The Tremor of Forgery
Date Published07 May 2015
Price£ 8.99

The Tremor of Forgery

by Patricia Highsmith

Stranded in a small Tunisian town, American writer Ingham takes violent action against an attempted burglar, but finds himself curiously indifferent to the outcome.


Ingham is in Tunisia waiting for Castlewood, with whom he was to write a film script. When Castlewood fails to arrive, and he receives no mail from Castlewood or his girlfriend Ina, Ingham begins to feel rather adrift. He starts a novel, and meets Adams, a conventional and rather preachy American he names OWL (Our Way of Life), and Jensen, a gay freethinking Dane.

His sense of anomie grows when he receives word that Castlewood has killed himself in Ingham’s New York flat, after a brief fling with and then rejection by Ina.
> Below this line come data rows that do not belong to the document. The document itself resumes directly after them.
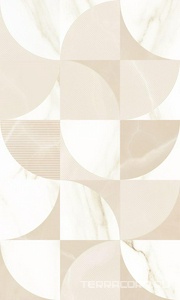 Керамогранит Gracia ceramica Marmaris  beige wall 03 30x50 Бежевый 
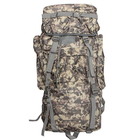 Рюкзак тактический AOKALI A21 65L Outdoor Camouflage ACU - изображение 4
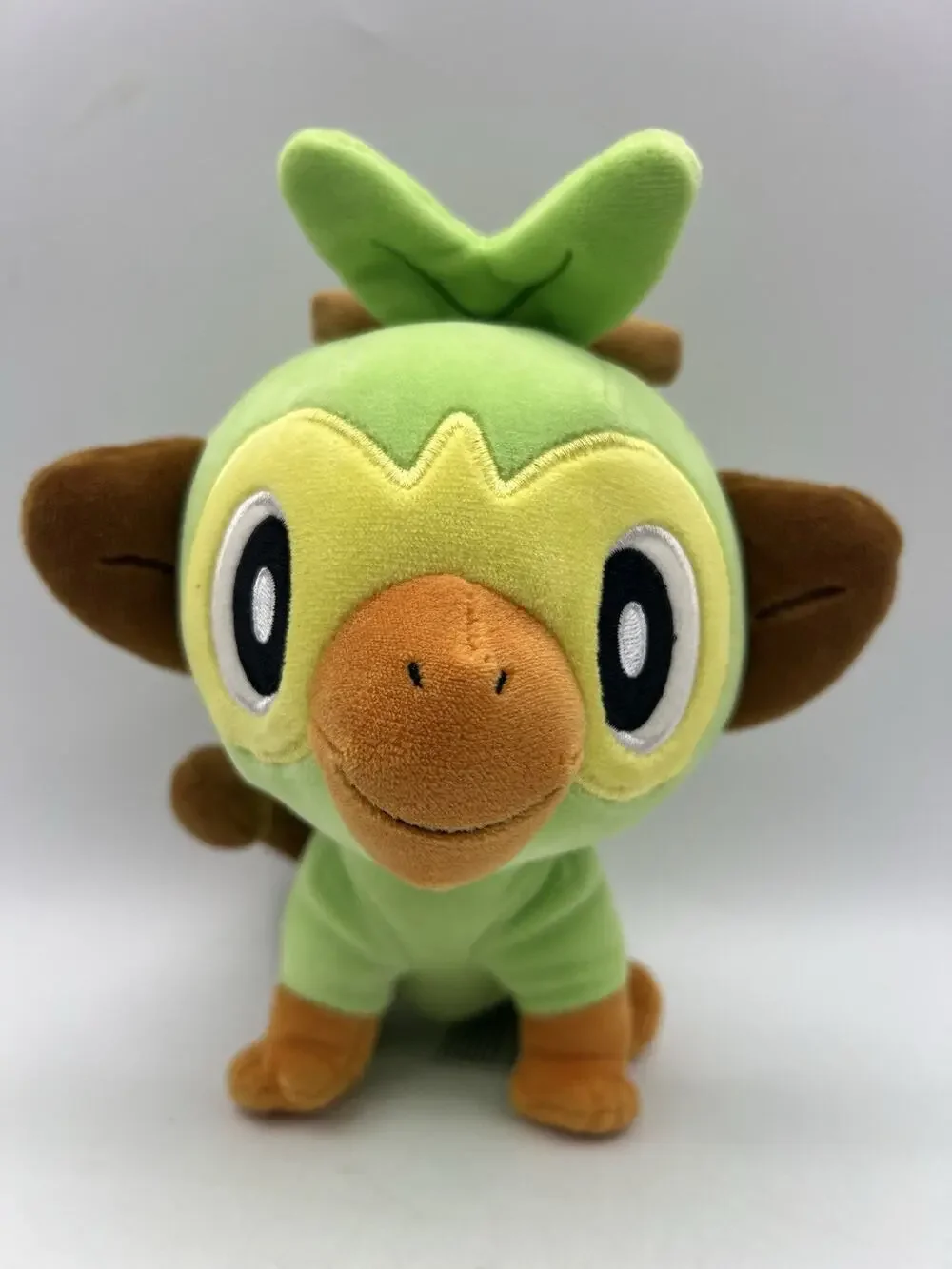 Pokemon Grookey Plush Toy 2022 Nintendo Game Freak Green Monkey Stuffed 8”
He is also somewhat disconcerted by local events: he stumbles over a dead body in the street one night, and he is the victim of two petty thefts.

Then he is awoken at night by an intruder at his hotel bungalow, possibly by the man who robbed him before. He hurls his typewriter and  the burglar falls back through the door, injured or dead. Ingham hears hotel staff remove the body, and from then on the man is not seen again. OWL suspects the truth and presses Ingham to confess, as does Ina when she arrives and OWL tells her of his suspicions, but Ingham feels little remorse - his moral sense has been dramatically affected by his experiences over a few short months.
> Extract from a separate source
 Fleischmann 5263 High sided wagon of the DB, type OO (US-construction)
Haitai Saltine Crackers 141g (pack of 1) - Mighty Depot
First published in 1969, this is another of the Highsmith oeuvre now reissued in paperback, and it remains as interesting as it was 45 years ago. A certain emphasis on ceremony at mealtimes and politeness betrays its time and class, and compared with most contemporary crime fiction the plot unfolds slowly and there is little action. It will, however, definitely appeal to those who find psychological studies to their liking.
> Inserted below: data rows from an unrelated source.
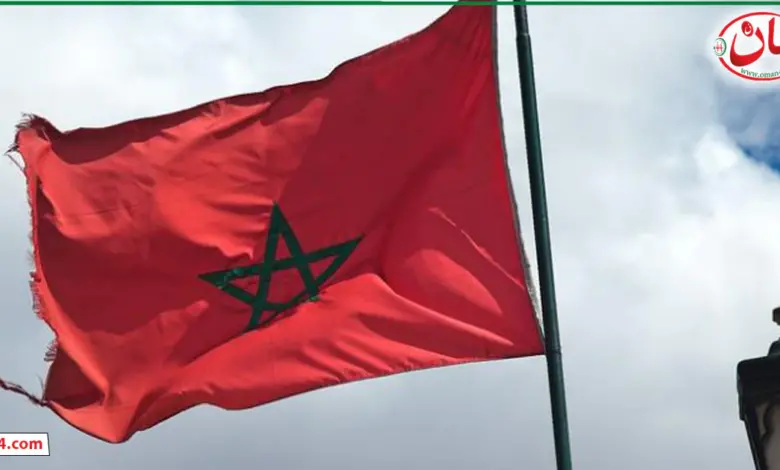 علم المغرب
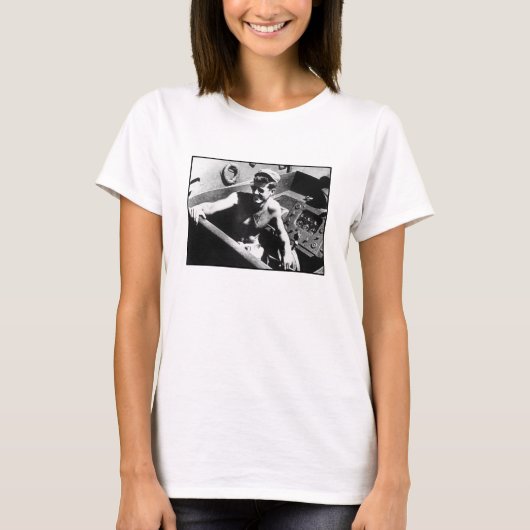 T-shirt JFK sur PT-109 (Devant)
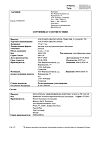 Сертификат Вольтарен раствор для в/м введ. 25 мг/мл 3 мл 5 шт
The forensic examination of Ingham’s mental state is echoed by the book he is writing, a story of a Dennison, a banker who systematically robs his employer to give to deserving others. The tremor by which a forger reveals himself explains the title. Ingham explains to Ina that the book explores “whether a person makes his own personality and his own standards from within himself, or whether he and the standards are the creation of the society around him.”

The feelings of the protagonist are revealed partly through his daily interactions with the only two Western characters in his ambit: OWL, with his conformist parroting of middle-American views, and Jensen, an artist who lives in a cheap tenement, credits locals with little worth, and feels that Ingham has nothing to apologise for. Although Ingham is pulled in both directions, his decision to join Jensen in his tenement, and his reaction to Ina when they meet, seems to suggest Highsmith’s answer to the question she poses.